Where this freewheeling East/West aesthetic ends up is anyone's guess; clubbers have been mesmerised for up to seven hours at a stretch. Tapes are not for sale. You want to hear Joi, you go to the gig. Except, that is, when they deem otherwise.

"We choose when we release our music," insist Joi's Farook and Haroon Shamsher, "like we choose to mould a record which represents us." So, after three low-key releases, constant club residencies (in hipper-than- thou venues such as Brixton's Dog Star) and much biding of time, the duo chose to sign with Peter Gabriel's hands-off Real World label last year.

Taking its title from a metaphysical Bengali poem, their forthcoming opus, One And One Is One, fuses breakbeats and hip hop with traditional Asian forms. As with their live work, the album has been crafted to take the listener on a journey. It is, they say, a "complete Joi experience".

Well, that's what 30-year-old Farook says. His brother, Haroon, the elder by three years, hasn't turned up for the interview in a coffee shop off Brick Lane. The staff have put on Joi's new CD as compensation. The Shamshers are familiar faces here, continuing to derive inspiration from the East-End Bengali community.

For them, the recent influx of creatives to the nearby Truman Brewery offices - where fellow-Asian muso Talvin Singh is based - is but a bonus. Joi have been mixing Eastern and Western cultures for as long as they can remember.

"Our dad ran a traditional music shop just around the corner from here," says Farook. "Twenty years ago he'd have jamming sessions and record in a back room with Baul artists and different people. Then he'd sell the tapes directly on to the street." The young brothers manipulated sequencers and echo chambers for their father in between playing tablas and flutes. "We still have the same crossover vibe. It's a natural fusion of growing up listening to people such as Nusrat Fateh Ali Khan, and being influenced by reggae, hip hop and soul."

In 1983, they mixed these elements together and began Djing at clubs as the Joi Bangla Sound System, before becoming the more dance-oriented Joi six years later. Bolstered by Arts Council funding and aiming to promote Bengali youth culture, Joi Bangla events were open to young and old alike. "We used to scratch and rap and mess about," remembers Farook. "We'd mix traditional music with James Brown riffs and get these funky soul breakbeats. Asian parents couldn't quite come to grips with it, but that's changing. Second-generation kids will be different."

Much respect is due to pioneers such as Talvin Singh, Cornershop and Asian Dub Foundation. "They've given Asian youth an identity and culture within their own culture, which is why Joi Bangla was set up." Joi, however, have eschewed any bandwagon jumping, choosing to wait until now to release their album. "This sudden interest in Asian music is an honourable thing, but being part of a trend means you can get lost. Ultimately, Haroon and I are artists. We express ourselves in our own way."
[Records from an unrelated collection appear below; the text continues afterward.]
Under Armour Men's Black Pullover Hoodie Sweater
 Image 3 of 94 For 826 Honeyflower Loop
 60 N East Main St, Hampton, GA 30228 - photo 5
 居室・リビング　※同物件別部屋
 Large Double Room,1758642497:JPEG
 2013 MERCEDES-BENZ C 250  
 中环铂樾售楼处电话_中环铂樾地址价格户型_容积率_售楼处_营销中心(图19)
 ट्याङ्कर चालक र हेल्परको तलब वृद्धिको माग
Farook's magnanimity extends, albeit temporarily, to those arch-appropriators of Eastern mysticism, Kula Shaker. "As long as they don't do anything blasphemous. If they start thinking that sound is theirs, then it's not right."

Similarly, Madonna's musical forays into the East are all well and good, but the time has come for a bona fide equivalent. "Why can't we have a beautiful Asian woman as a megastar? Her voice and spirituality could be 10 times more powerful than anything Madonna and the rest can do." Joi's spirituality is born, not made. "Sufi music and sitar ragas are pure psychedelia," says Farook.

Joi are intent on preserving tradition by transforming it. "We're about politics, race, religion, and music all-in-one," he says. "It's taken us a long time to form this music. We've been choosy. We hope people will choose to listen to us."